Employees are looking beyond what their Learning & Development (L&D) departments have to offer. And they’re choosing to learn in different ways from a much more diverse range of sources. Here’s the upside for you, though: Leveraging new forms and sources of content can make L&D more effective, not to mention more engaging.
Can you hear your workforce? They’re screaming for more diverse options. Truth is, we all learn through a constantly changing, increasingly diverse and incredibly fragmented mix of content, feedback, and experiences – both planned and ad-hoc. So you can better engage learners (and drive performance in the process) by leveraging the entire learning ecosystem to give them more diverse options.
The way to start is to think differently about how you define learning. Most people don’t; over 70% of employer-provided development is still formal, instructor-led training (according to ATD’s latest numbers). L&D is still stuck on classes and courses. Sure, more flexible virtual classes, online courses, and MOOCs are all great steps toward making courses more accessible, but they are not enough.
Here’s why: Fewer than 25% of people have completed a course of any kind in the last 2 years – not at college, not online, and not professionally. However, more than 70% of those same people say they have learned something for their job from an article, a video, or a book in the last 24 hours.
What does that tell you? People like to pick and choose different kinds of content to meet different kinds of learning needs. Even though innovative new forms of content like micro-learning, on-demand videos and gamification are more in tune with people’s habits now, simply swapping long-form courses for those snacks, fun and games still misses the bigger picture.
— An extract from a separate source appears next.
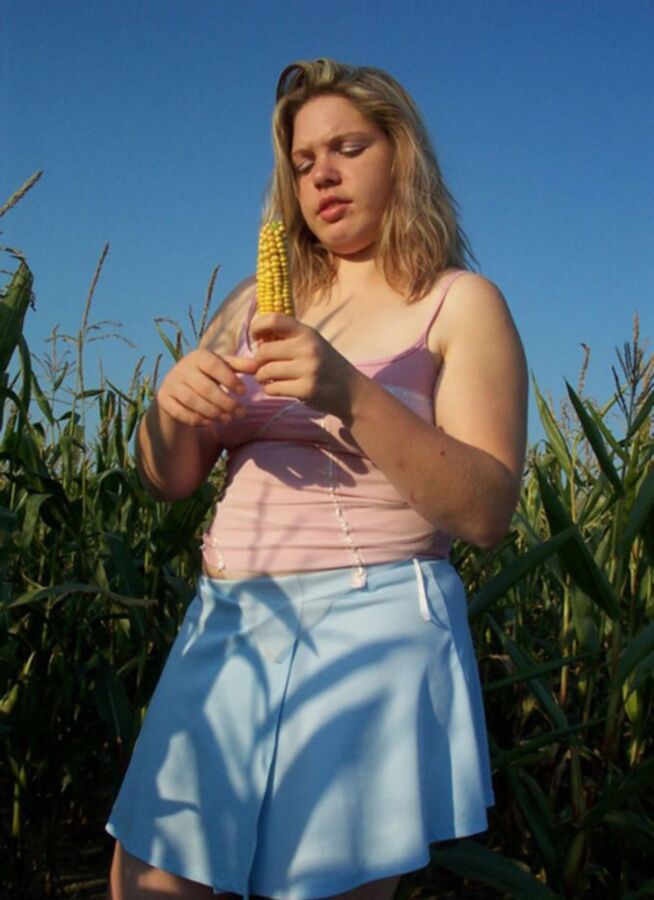 Free porn pics of Young blonde chubby stripping in corn field 2 of 16 pics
The bigger picture is that learning at (and for) work is not an ‘either/or’ proposition. Learning and development are not only formal or only informal; they’re both. We all learn through a constantly shifting mix of planned, scheduled, formal training along with regular doses of ad-hoc on-demand, social and on-the-job learning.
The thing is, a massive chunk of what we learn is informal – it’s through the books, articles, and videos we consume every day, and the context in which we apply them through work and our interactions with our peers, customers and managers. That means many L&D teams probably ought to think about rebalancing their own mixes.
Here’s how you can get started and engage learners:
- Give your learners more diverse options – and not just a variety of instructor-led or e-learning courses.
- Increase engagement by building a learning culture that really values informal learning.
- Engage learners by opening up the line of sight into all that informal learning.
How would it change the learning environment if your employees could see what their peers were learning about, consume that same content and easily share it with others on their teams? How would it change the learning environment if you and managers within your organization had a line of sight into all the learning employees were really doing? It would probably help you make better, smarter, more targeted investments in learning programs. It would certainly give you more insight into the problems employees are trying to solve.
Odds are, your learners are already going outside of L&D to learn on their own time (and maybe even on their own dime). And if you’re not measuring and valuing informal learning, then you’re missing a big piece of the picture. Learning cultures thrive when employees are given diverse options, shown that all their learning is valued, and empowered to consume and share learning whenever they need, however they want.